Wichtig – wie immer: Entspannte Körperhaltung, gute Atmung und gute Artikulation…
Und dann wäre da noch das leidige Textlernen… Ein Stück weit sollte ich den Text inzwischen intus haben.
Um mir den Ablauf zu merken, mache ich mir einen reduzierten Spickzettel. Bei mir ist das der schematische Ablauf mit den Anfangswörtern. Den Rest des noch fehlenden Textes versuche ich mir mit Bildern zu merken. Jedes Bild bekommt seine Textzeilen, die ich vor mich hinmurmle oder leise singe. (Legendär sind die Flipcharts von Dream Theater.)
Jetzt nuuuur noch 1000 Mal vor dem Einschlafen wiederholen…
Sooo… und jetzt fügen wir alles zusammen: Die Gitarre und den Gesang.
Wenn es nur in der Realität auch so einfach wäre wie in einem Rezept – alles zusammen in eine Schüssel, umrühren – fertig.
Aber nein… Ein wenig Arbeit ist es schon. Langsames Tempo hilft auch hier erst mal. Jaa, ich weiß schon, wir konnten das alles schon viel schneller, und die Ungeduld zerrt an den Nerven.
Aber es hilft nichts. Wenn der Körper weiterhin entspannt bleiben soll und auch live über längere Zeit durchhalten, und überdies schöne Töne produzieren soll, braucht es dieses letzte Schnapperl an Geduld noch. Aber wenn schließlich das Tempo hoch geht und alles schön klingt und sich gut anfühlt, ist die Freude umso größer.
Endlich ist der Song da!
Richtig gut wird es, wenn jetzt noch andere Instrumente und Stimmen dazu kommen. Das gibt dann den ultimativen Kick.

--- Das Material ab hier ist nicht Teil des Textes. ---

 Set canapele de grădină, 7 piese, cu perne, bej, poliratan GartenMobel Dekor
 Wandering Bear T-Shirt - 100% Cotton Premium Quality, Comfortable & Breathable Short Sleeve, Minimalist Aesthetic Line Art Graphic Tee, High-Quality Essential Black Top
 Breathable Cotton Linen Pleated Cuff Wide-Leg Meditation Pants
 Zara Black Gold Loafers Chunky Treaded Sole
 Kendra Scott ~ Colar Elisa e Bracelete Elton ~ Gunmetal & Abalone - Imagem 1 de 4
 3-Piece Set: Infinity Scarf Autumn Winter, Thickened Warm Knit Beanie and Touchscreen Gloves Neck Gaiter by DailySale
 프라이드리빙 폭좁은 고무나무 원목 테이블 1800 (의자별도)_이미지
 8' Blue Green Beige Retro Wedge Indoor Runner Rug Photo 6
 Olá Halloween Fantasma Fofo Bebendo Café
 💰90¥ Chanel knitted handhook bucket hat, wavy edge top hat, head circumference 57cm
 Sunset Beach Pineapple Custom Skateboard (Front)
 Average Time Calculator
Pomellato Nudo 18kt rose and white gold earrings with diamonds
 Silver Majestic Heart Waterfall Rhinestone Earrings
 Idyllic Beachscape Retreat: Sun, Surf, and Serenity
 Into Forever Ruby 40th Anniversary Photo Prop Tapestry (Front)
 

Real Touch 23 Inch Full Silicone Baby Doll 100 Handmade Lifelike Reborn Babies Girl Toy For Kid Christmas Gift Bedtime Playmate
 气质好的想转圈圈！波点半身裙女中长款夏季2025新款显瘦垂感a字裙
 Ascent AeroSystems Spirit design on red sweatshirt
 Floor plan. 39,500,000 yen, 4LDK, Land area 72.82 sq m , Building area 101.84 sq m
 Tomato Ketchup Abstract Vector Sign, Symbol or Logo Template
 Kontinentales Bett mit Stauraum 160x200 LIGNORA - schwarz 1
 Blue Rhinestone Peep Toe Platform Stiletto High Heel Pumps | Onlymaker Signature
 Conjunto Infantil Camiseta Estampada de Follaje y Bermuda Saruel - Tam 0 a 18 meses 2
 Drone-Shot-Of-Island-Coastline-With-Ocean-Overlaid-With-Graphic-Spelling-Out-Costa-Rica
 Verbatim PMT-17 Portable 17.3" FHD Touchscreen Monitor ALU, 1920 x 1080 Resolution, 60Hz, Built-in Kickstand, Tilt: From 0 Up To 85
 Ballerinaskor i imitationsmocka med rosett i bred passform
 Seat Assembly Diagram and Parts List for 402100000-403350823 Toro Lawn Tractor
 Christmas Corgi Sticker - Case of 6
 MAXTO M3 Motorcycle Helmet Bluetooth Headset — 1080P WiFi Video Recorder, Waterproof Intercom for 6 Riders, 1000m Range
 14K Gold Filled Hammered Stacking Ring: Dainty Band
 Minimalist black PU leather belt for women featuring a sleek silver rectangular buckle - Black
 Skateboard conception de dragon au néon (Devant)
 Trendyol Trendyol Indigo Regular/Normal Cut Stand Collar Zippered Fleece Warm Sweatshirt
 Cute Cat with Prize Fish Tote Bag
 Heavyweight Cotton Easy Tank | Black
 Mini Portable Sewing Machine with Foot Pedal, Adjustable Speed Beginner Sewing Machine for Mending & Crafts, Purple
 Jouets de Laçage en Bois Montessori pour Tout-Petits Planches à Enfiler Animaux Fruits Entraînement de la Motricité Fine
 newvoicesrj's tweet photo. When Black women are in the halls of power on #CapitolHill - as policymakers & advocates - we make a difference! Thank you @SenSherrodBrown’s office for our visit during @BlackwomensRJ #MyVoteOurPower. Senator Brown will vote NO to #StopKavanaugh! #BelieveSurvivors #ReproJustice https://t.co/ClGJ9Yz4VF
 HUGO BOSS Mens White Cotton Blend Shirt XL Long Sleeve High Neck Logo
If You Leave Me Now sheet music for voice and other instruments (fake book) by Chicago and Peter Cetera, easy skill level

Genuss! Dafür gehe ich auf die Bühne! Und ab in die Ohren der Leute damit!
(Und nuuun die schlechte Nachricht für alle Gewohnheitstiere: Nachdem alle Arbeit getan ist, gibt es keine Garantie, dass es dabei bleibt… Ich verändere mich und auch der Song/das Stück ändern sich im Laufe der Zeit mit mir. Dann geht der Schmarrn also wieder von vorne los. Auch die wechselnde Zusammensetzung der Musiker hat natürlich Einfluss auf den Song… Also besteht keinerlei Aussicht darauf, dass die Arbeit mal fertig wäre… Aber ganz ehrlich – das macht die Musik doch erst spannend und lebendig, oder?)